Second, in 2008, Steve Jobs and Apple introduced the first iPhone. Within two years, web-based social media platforms Facebook and Twitter along with video-content provider YouTube all built apps for their platforms that did three things:
1) tailored the respective apps to keep faces and eyes constantly in front of the screen at the expense of the real world,
2) did little to prevent children from signing up for and using these apps (a young 13 years old was the legal age of consent, but no mechanism was put in place to prevent younger users), and
3) exposed children to content and online communities that allowed their identities and self image to be ruthlessly evaluated by adult strangers and online predators.
When you put both those two causes together, you have the recipe for what Haidt calls “the great re-wiring of childhood.” Society extracted them from the real world at a time they needed it the most and instead, allowed them to enter a digital world they had no business being in.
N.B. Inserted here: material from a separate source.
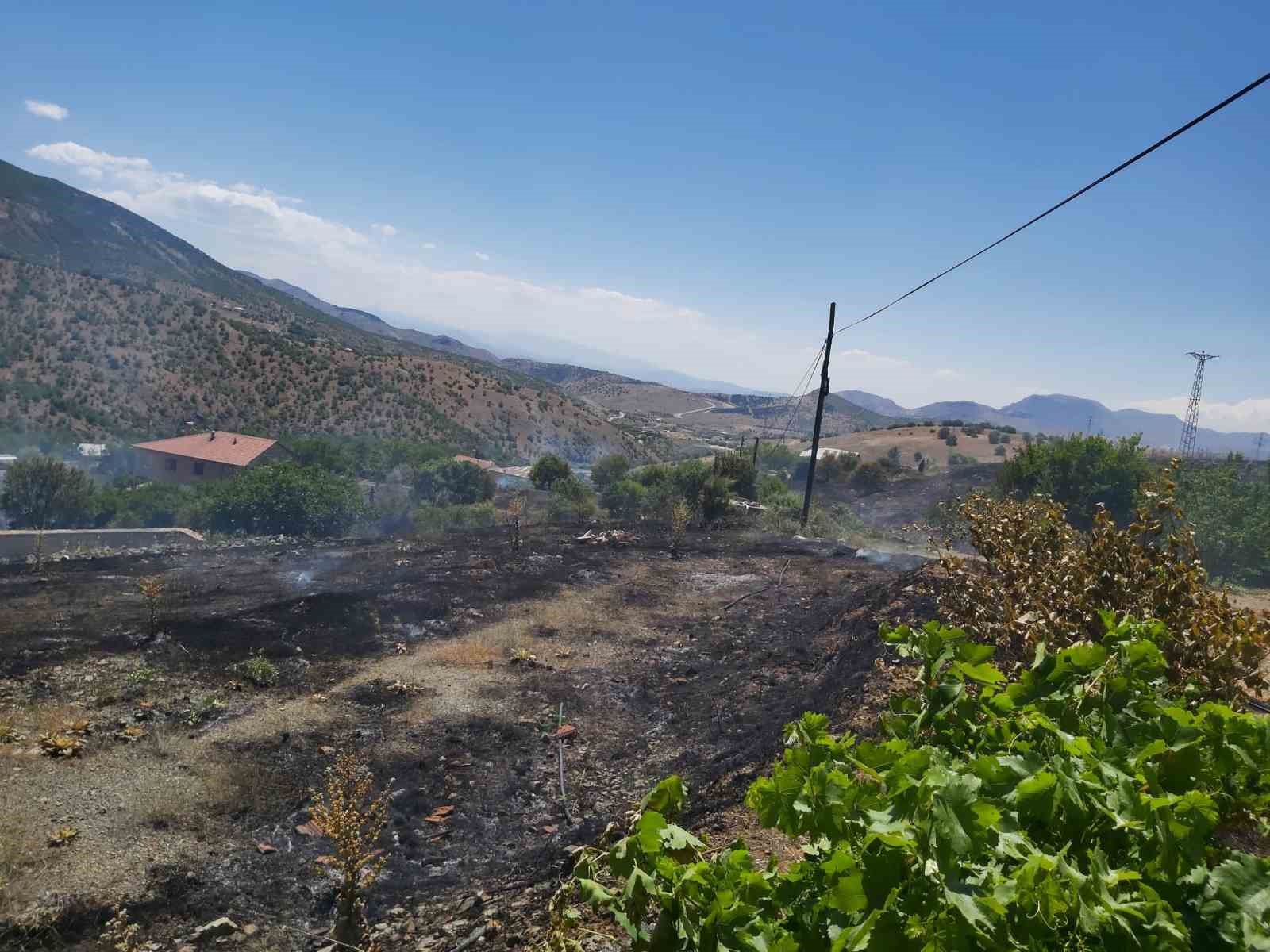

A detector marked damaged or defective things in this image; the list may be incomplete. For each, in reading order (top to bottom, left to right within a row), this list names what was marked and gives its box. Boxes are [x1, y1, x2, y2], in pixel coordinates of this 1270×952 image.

fire-damaged land [0, 524, 927, 946]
Haidt proposes a number of responses to reverse the culture, starting with the public sector and its impotent laws as well as schools that allow children to have smartphones in the classroom. Families also will need to become more vigilant at the ratio of screen time to outdoor time.
After reading the book, the father in me recognized the past for what it was. My three adult sons all have scars that point to the damage Haidt describes in his book. But, the pastor in me rose up and asked the question, “How can churches come alongside the youngest generation (Generation Alpha) and crush this pandemic?” I don’t have quick answers, but it is clear that while the church is not THE answer to the mental health crisis, it should be asking itself how it is AN answer.
So, I signed up as a volunteer at a local after-school youth program, and I will be encouraging members of my congregation to join me. Our church doesn’t have many children in it (maybe 8 or 9 in total). But I firmly believe that the 50, 60, and 70-somethings, who make up the bulk of North American church populations, can have a lasting impact on teens and 20-somethings moving forward.
In short, the book is powerful and sobering. It is the wake-up call that western society needs if they want to address the alarming increase in cases of teen suicide and self-harm. Highly recommended.